▶ Task brief: Your answer must be the listing repeated word for word, without its pictures.

▶ Recorded data:
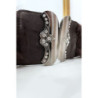 Ceinture élastique marron avec accessoire et plume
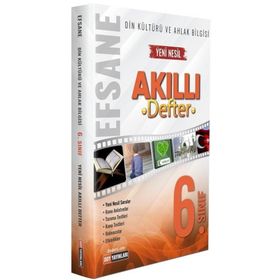 DDY Yayınları 6. Sınıf Din Kültürü ve Ahlak Bilgisi Efsane Akıllı Defter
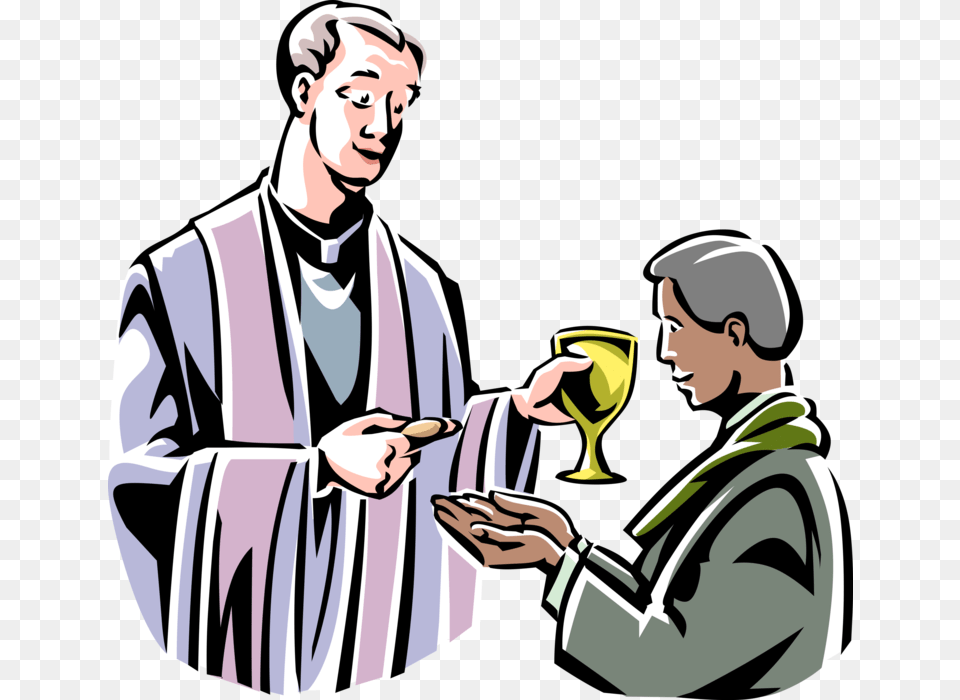 Vector Illustration Of Christian Religion Catholic, Person, People, Adult, Man Png Image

▶ Answer section:
 Ceinture élastique marron avec accessoire et plume
 DDY Yayınları 6. Sınıf Din Kültürü ve Ahlak Bilgisi Efsane Akıllı Defter
 Vector Illustration Of Christian Religion Catholic, Person, People, Adult, Man Png Image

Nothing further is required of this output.